Siemoniak stwierdził, że Grabarczyk nigdy nie przedkładał dobra własnej osoby nad dobro publiczne.
- W każdej chwili był gotowy podać się do dymisji, jeśli liczba wątpliwości narosła, to lepiej dla niego i wyjaśnienia sprawy, że nie jest ministrem sprawiedliwości - ocenił szef MON. - Jak by to wyglądało, gdyby minister sprawiedliwości, będący świadkiem w jednej ze spraw, otoczonej wątpliwościami, opiniował sprawozdanie prokuratora generalnego. Bardzo dobrze, że tak zrobił, bo minister sprawiedliwości to szczególna funkcja - dodał.
Siemoniak zaznaczył, że Grabarczyk sam podjął decyzję o dymisji, nikt na niego nie naciskał. - Minister Grabarczyk osobiście przywiózł wieczorem swoją dymisję. Pani premier po rozmowie z nim ją przyjęła - powiedział szef MON.
W opinii Siemoniaka, dobrze by się stało, aby prokuratura jak najszybciej wyjaśniła sprawę.

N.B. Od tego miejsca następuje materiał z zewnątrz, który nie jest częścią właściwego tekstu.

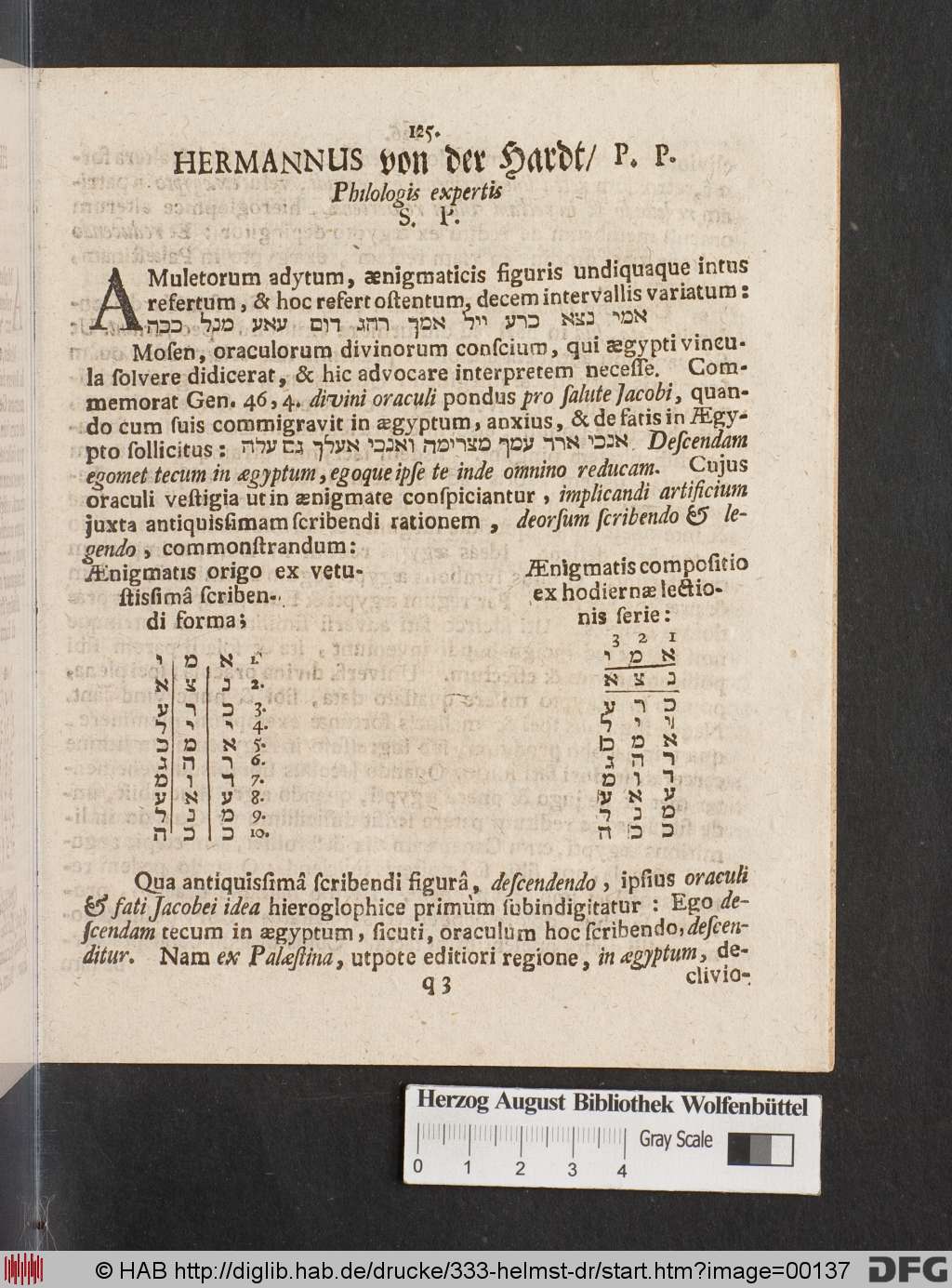 http://diglib.hab.de/drucke/333-helmst-dr/00137.jpg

- Wyjaśnijmy wątpliwości, po to jest prokuratura. Minister Grabarczyk jako prawnik jest ostrożny w komentowaniu postępowania, ale ja, jako nie prawnik życzyłbym sobie, żeby wszystkie informacje szybko pojawiły się w przestrzeni publicznej - mówił Siemoniak.
Kto za Grabarczyka?
Pytany o to, kto zastąpi Grabarczyka w resorcie sprawiedliwości, Siemoniak odpowiedział: - Nie chcę spekulować, to leży w gestii premier. W samej Platformie nie brakuje osób, które mogłyby podjąć takie wyzwanie.
Zaznaczył, że Ministerstwo Sprawiedliwości to ważny resort.

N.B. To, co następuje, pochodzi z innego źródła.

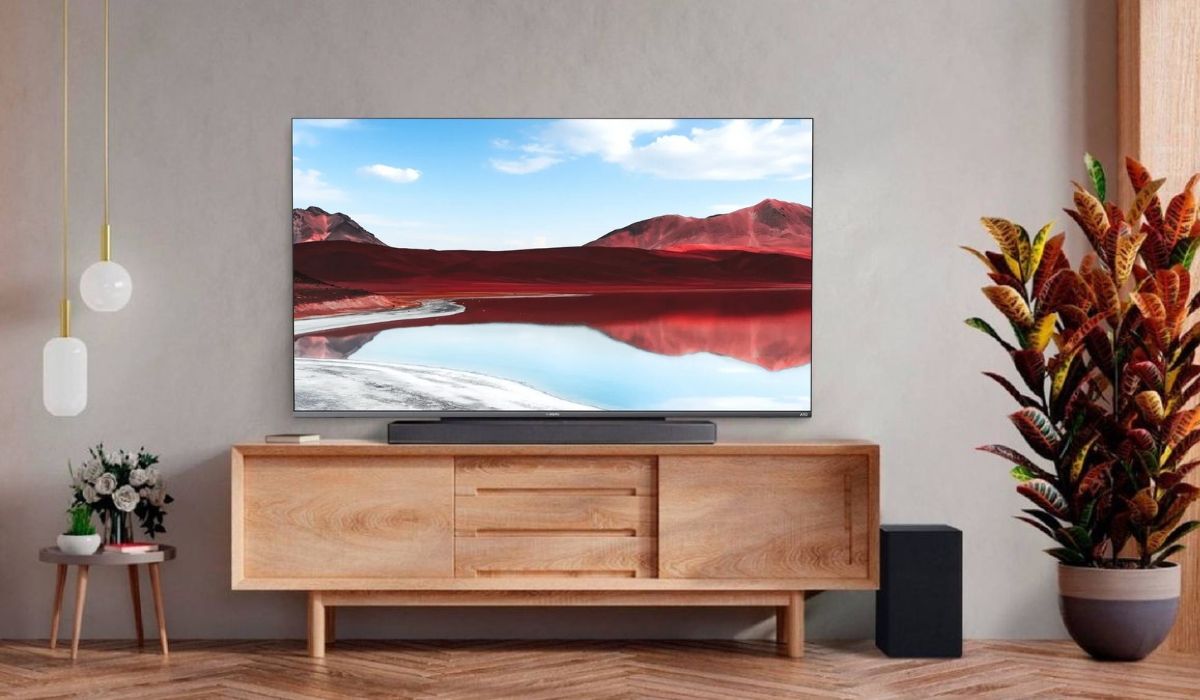 google-tivi-xiaomi-a-pro-qled-4k-65-inch-l65massea.jpg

- Nie spodziewam się, aby był wakat, ale obsada takiego stanowiska nie powinna być zbyt pospieszna, trzeba się zastanowić. Jakiś czas to powinno potrwać, ale nie za długo - powiedział szef MON.

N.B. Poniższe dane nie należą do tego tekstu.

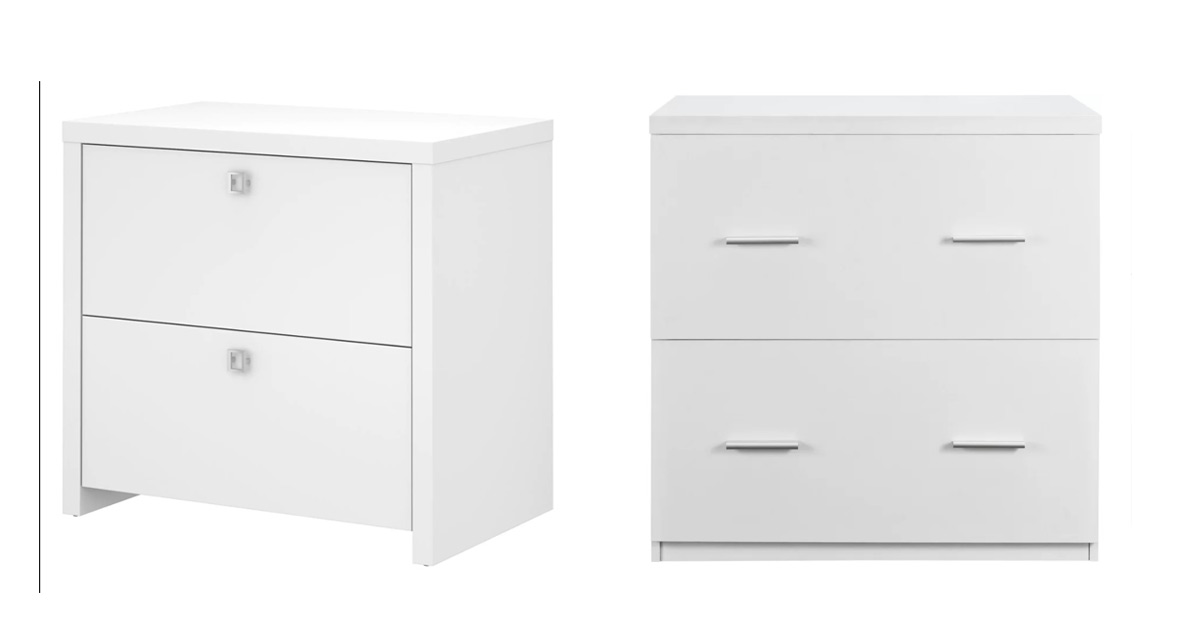 Creating A Work And Storage Space That S Anything But Office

Siemoniak stwierdził, że dymisja Grabarczyka nie przełoży się na sprawy partyjne (jest on wiceszefem PO i członkiem zarządu krajowego partii).
- Spodziewam się po Platformie szacunku dla klasy ministra Grabarczyka, że potrafił tak szybko i honorowo podać się do dymisji - powiedział Siemoniak.
Dopytywany, czy Grabarczyk zostanie zawieszony w prawach członka PO, odpowiedział: - Inna jest sytuacja, jeśli chodzi o ministra sprawiedliwości - tutaj mamy fakt dymisji. Natomiast przyjętym zwyczajem jest, że dopiero w momencie postawienia zarzutów polityk powinien się podać do dymisji ze swoich funkcji publicznych.
Dodał, że nie ma potrzeby, aby Grabarczyk rezygnował teraz z partyjnych funkcji. - Nie dajmy się zwariować. Cezary Grabarczyk jest świadkiem w sprawie - stwierdził Siemoniak.
Broń dla VIP-ów
Sprawa zaczęła się trzy lata temu, gdy policyjne Biuro Spraw Wewnętrznych inwigilowało skorumpowanych funkcjonariuszy łódzkiej drogówki. Podsłuchując ich rozmowy telefoniczne, wpadło na trop Zbigniewa K., naczelnika Wydziału Postępowań Administracyjnych w Komendzie Wojewódzkiej Policji w Łodzi.
Z nagrań dokonanych od lutego do sierpnia 2012 roku wynika, że jego rozmówcami w tym czasie byli m.in. Cezary Grabarczyk, jego znajomy, a także lokalny poseł PiS Dariusz Seliga.
Z podsłuchów wynikało, że funkcjonariusze tego wydziału wydawali zezwolenia na broń łódzkim VIP-om z pominięciem przez nich wymagającej procedury i trudnych egzaminów. Ci mieli się odwdzięczać np. pomocą w karierach.
Grabarczyk został już przesłuchany przez prokuraturę w Ostrowie Wielkopolskim w śledztwie dotyczącym nieprawidłowości, do jakich miało dochodzić w Komendzie Wojewódzkiej Policji w Łodzi przy egzaminach i wydawaniu zezwoleń na broń palną.